The most important role progesterone plays in females is to transform the mucous membrane of the uterus from the proliferation to the secretion phase and therefore to prepare the uterus for the implantation of an eventually fertilized ovum. Progesterone is also responsible for maintaining early pregnancy.
Regarding the physiological role of progesterone, the main indication for assessing its concentration is the dysregulation in females in puberty, in the premenopausal and the perimenopausal phases. There are some other indications for the measurement of progesterone like control of early pregnancy, evaluation of some ovarian neoplasms etc
There will be no implantation of the ovum in the endometrium of the uterus if the progesterone concentration is too low. It is much more common that the progesterone level will be within the normal range but the shape of the progesterone curve during the cycle is irregular; there may be a shortened luteal phase because of an early degeneration of the corpus luteum. Degeneration may also present with a profile with a premature luteinisation. On the other hand, beginning the luteinisation too late after ovulation may result in an insufficient preparation of the mucous membrane for implantation.
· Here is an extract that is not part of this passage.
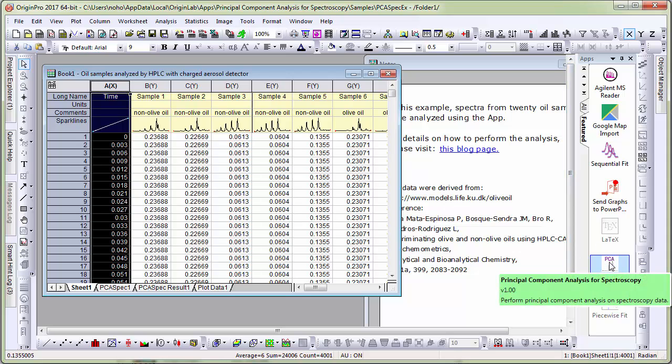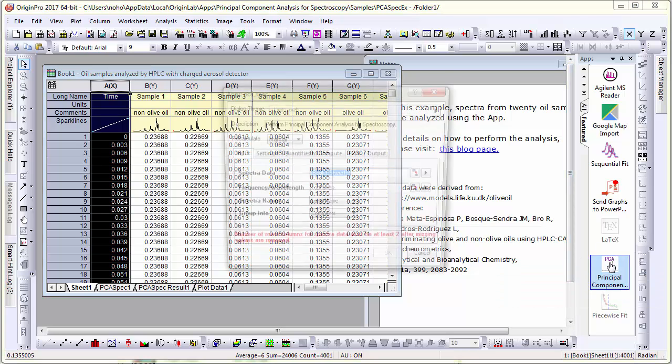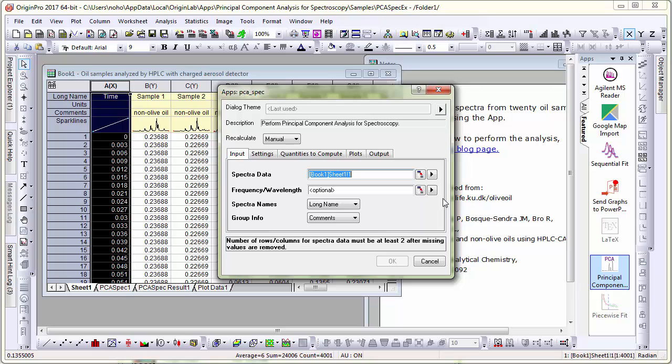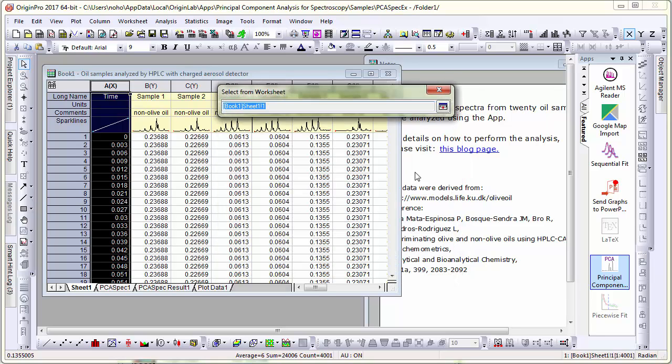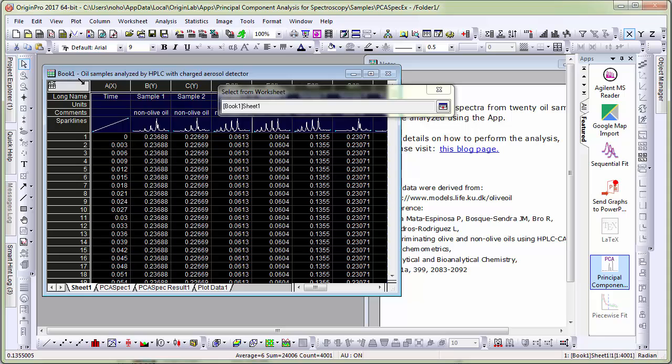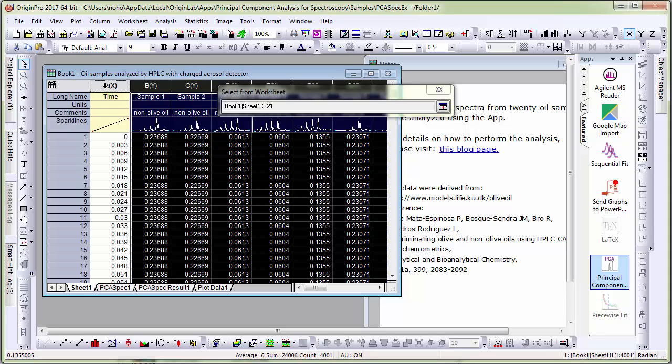Let me launch the dialog and first I need to select the spectra. I click the Hunt button, select the entire sheet, hold Ctrl key and leave out the first column, thereby selecting all the other columns as my spectral data.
The assessment of salivary progesterone (and oestradiol) is also appropriate to differentiate between conception and non-conception cycles in women. Whereas the oestradiol peak just before ovulation is similar in both kinds of cycles, the progesterone concentration decreases in non-conception cycles (about 7 days following ovulation). In conception cycles a further increase can be observed.
To assess a complete progesterone profile during a cycle, repeated samples have to be taken. This might be inconvenient for patients if blood samples are taken. Therefore saliva collection represents a good alternative.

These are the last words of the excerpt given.